Exercise instructions:
Please retype the records below exactly as they stand.
===== Stored data
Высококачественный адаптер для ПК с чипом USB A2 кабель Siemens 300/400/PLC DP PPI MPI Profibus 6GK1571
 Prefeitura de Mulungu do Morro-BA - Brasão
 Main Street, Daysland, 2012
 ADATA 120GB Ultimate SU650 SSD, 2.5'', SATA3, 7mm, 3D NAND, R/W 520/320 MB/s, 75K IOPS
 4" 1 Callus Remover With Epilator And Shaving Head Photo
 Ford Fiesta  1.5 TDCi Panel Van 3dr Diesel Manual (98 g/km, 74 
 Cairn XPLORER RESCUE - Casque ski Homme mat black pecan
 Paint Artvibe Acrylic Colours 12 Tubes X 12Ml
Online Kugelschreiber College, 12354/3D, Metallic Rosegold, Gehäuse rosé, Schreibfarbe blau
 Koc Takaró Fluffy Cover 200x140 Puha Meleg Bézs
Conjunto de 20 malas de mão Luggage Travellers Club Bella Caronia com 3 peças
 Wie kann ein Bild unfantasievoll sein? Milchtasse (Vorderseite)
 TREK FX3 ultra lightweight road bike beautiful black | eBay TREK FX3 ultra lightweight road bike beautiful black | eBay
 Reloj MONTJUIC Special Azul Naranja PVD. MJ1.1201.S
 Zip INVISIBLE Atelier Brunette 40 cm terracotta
==========
Solution to the exercise:
Высококачественный адаптер для ПК с чипом USB A2 кабель Siemens 300/400/PLC DP PPI MPI Profibus 6GK1571
 Prefeitura de Mulungu do Morro-BA - Brasão
 Main Street, Daysland, 2012
 ADATA 120GB Ultimate SU650 SSD, 2.5'', SATA3, 7mm, 3D NAND, R/W 520/320 MB/s, 75K IOPS
 4" 1 Callus Remover With Epilator And Shaving Head Photo
 Ford Fiesta  1.5 TDCi Panel Van 3dr Diesel Manual (98 g/km, 74 
 Cairn XPLORER RESCUE - Casque ski Homme mat black pecan
 Paint Artvibe Acrylic Colours 12 Tubes X 12Ml
Online Kugelschreiber College, 12354/3D, Metallic Rosegold, Gehäuse rosé, Schreibfarbe blau
 Koc Takaró Fluffy Cover 200x140 Puha Meleg Bézs
Conjunto de 20 malas de mão Luggage Travellers Club Bella Caronia com 3 peças
 Wie kann ein Bild unfantasievoll sein? Milchtasse (Vorderseite)
 TREK FX3 ultra lightweight road bike beautiful black | eBay TREK FX3 ultra lightweight road bike beautiful black | eBay
 Reloj MONTJUIC Special Azul Naranja PVD. MJ1.1201.S
 Zip INVISIBLE Atelier Brunette 40 cm terracotta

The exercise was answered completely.